## Raw data:

==*==

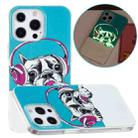 For iPhone 15 Pro Electroplating Soft TPU Phone Case(Headset Dog) - 1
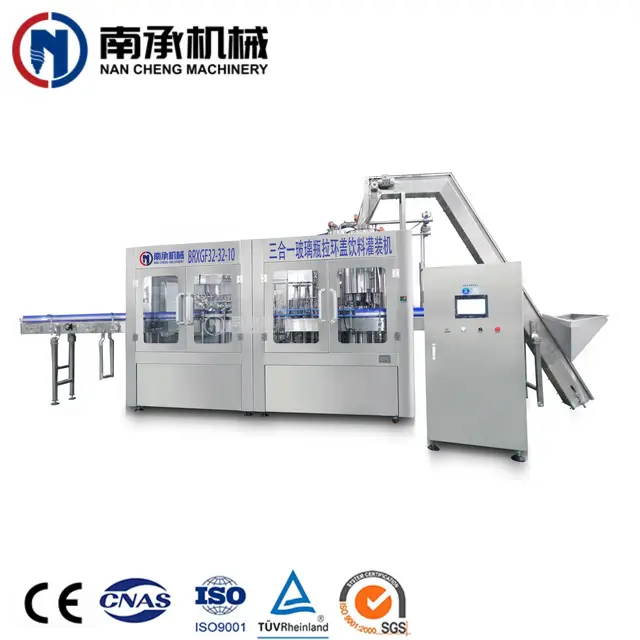 Professional glass bottle wine filling capping machine production line / beer bottling plant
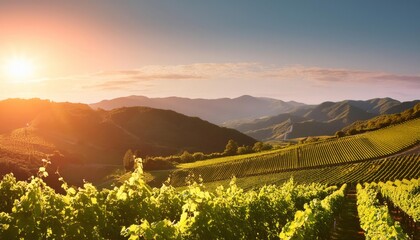 Blur background of sunset shining over lush vineyards with rolling hills in the background.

==*==

## Task prompt:
Could you write out the whole listing exactly, dropping the pictures?

## The answer:
 For iPhone 15 Pro Electroplating Soft TPU Phone Case(Headset Dog) - 1
 Professional glass bottle wine filling capping machine production line / beer bottling plant
 Blur background of sunset shining over lush vineyards with rolling hills in the background.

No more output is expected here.